(Dataset items)
::::::

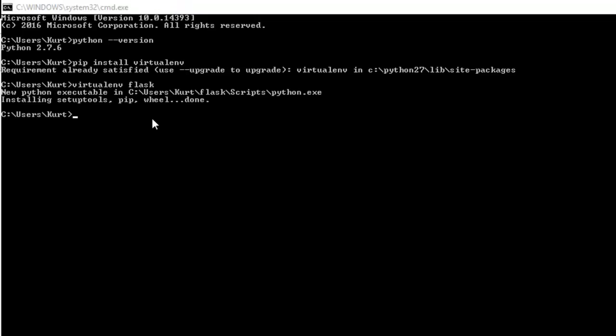Once that is done, we can actually go into that directory and use that as our environment, as if it is the root of our computer. So to do that, we're just going to use cd into flask. cd stands for change directory.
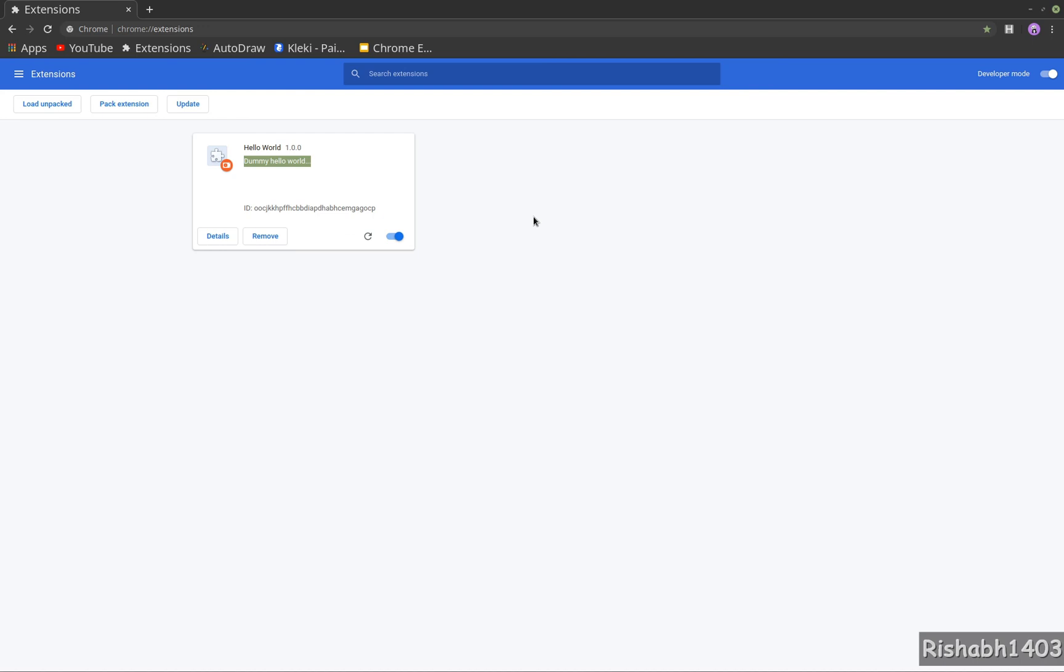In the next one, we'll see how to use icons. As you can see right now, it has H—our extension name—so we'll replace it with another icon. We'll also replace an icon here and then move forward. So yeah, this is it for this one. Stay tuned and I'll see you in the next one. Thank you.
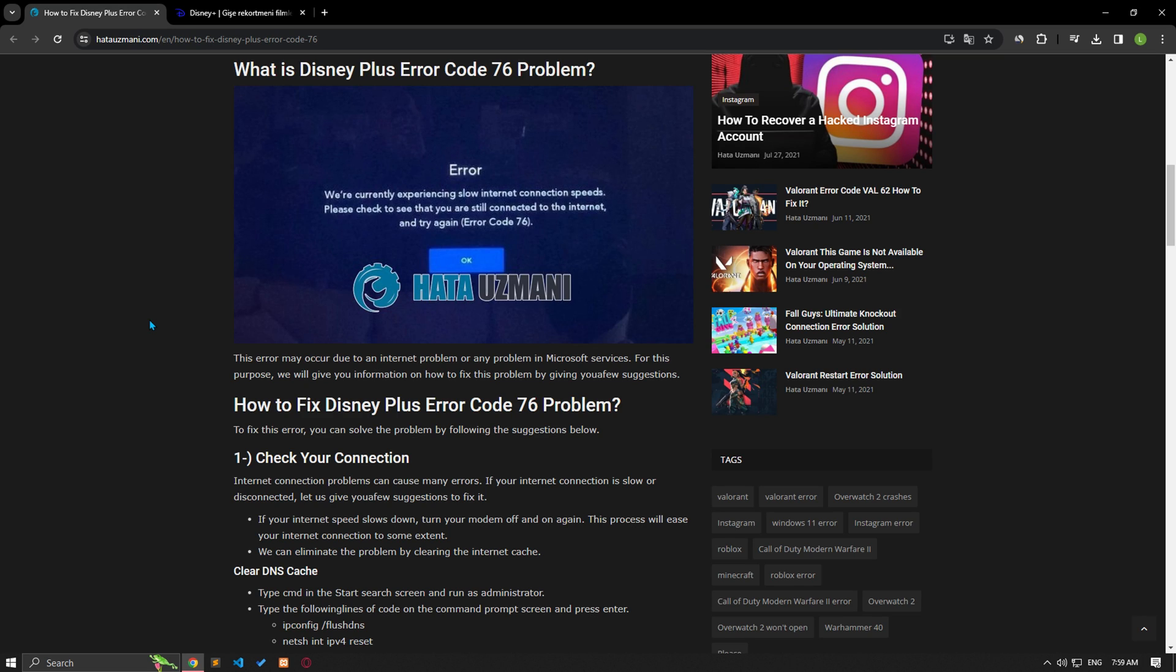Hello everyone, welcome to the Bug Expert channel. In this video, we will give information on how to fix Disney Plus Error Code 76. This error may occur due to an internet problem or any problem in Microsoft services. For this purpose, we will give you a few suggestions on how to fix this problem.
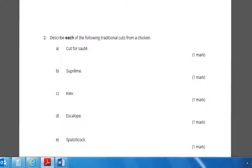Each question asks you to describe each of the following. For example, question 2: can you describe each of the following traditional cuts from a chicken? Cut for sauté, Suprême, Kiev, Escalope, and Spatchcock.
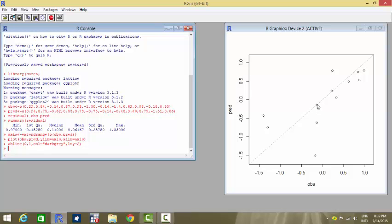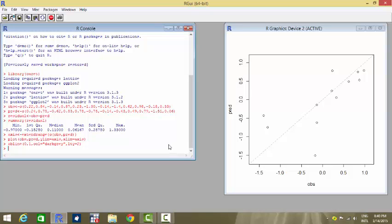Whenever these observations lie on that 45-degree line, it means that the observed values and the predicted values are the same — those observations have been correctly predicted by the model. Whatever the actual observed values were, the model has also predicted them to be the same. However, whenever there is a deviation of a point from this 45-degree line, it means that the observed and predicted values are not the same, and there exists some error between them.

::::::

### What to work on
Leave out the pictures, and retype exactly the lines from the one containing "In the next one, we'll" through the last line of the data above, no more and no less.

### Output of the exercise
In the next one, we'll see how to use icons. As you can see right now, it has H—our extension name—so we'll replace it with another icon. We'll also replace an icon here and then move forward. So yeah, this is it for this one. Stay tuned and I'll see you in the next one. Thank you.
Hello everyone, welcome to the Bug Expert channel. In this video, we will give information on how to fix Disney Plus Error Code 76. This error may occur due to an internet problem or any problem in Microsoft services. For this purpose, we will give you a few suggestions on how to fix this problem.
Each question asks you to describe each of the following. For example, question 2: can you describe each of the following traditional cuts from a chicken? Cut for sauté, Suprême, Kiev, Escalope, and Spatchcock.
Whenever these observations lie on that 45-degree line, it means that the observed values and the predicted values are the same — those observations have been correctly predicted by the model. Whatever the actual observed values were, the model has also predicted them to be the same. However, whenever there is a deviation of a point from this 45-degree line, it means that the observed and predicted values are not the same, and there exists some error between them.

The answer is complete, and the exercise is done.